* **EXERCISE DESCRIPTION**:
From the entries below, report only the number of lines that contain the word "Photo".

* **DATASET**:
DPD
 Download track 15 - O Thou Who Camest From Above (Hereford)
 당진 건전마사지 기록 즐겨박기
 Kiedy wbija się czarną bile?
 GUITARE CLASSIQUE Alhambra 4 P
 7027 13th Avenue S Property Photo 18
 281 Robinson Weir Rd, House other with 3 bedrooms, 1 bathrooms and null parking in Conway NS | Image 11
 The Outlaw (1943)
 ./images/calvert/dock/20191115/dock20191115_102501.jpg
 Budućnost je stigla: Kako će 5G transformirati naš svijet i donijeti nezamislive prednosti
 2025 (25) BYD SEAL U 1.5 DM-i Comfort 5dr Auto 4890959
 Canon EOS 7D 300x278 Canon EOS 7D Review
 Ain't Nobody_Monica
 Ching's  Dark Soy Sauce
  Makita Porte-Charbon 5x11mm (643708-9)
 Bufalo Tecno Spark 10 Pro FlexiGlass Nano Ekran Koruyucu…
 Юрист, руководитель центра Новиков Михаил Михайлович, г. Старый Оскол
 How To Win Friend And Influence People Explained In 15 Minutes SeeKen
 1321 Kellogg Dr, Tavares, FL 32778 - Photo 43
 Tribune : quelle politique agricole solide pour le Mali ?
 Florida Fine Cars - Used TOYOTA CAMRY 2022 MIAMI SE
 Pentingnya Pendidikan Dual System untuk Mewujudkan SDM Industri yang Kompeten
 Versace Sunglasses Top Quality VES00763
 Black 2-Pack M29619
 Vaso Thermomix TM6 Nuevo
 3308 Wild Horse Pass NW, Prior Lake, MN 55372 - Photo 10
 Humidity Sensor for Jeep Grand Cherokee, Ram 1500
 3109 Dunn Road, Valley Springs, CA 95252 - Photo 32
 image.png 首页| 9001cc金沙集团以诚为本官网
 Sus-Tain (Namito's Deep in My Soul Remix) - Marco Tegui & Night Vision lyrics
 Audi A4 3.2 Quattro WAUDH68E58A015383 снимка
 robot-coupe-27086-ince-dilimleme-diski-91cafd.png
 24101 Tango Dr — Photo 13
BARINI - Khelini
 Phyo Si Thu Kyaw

* **FINAL ANSWER**:
5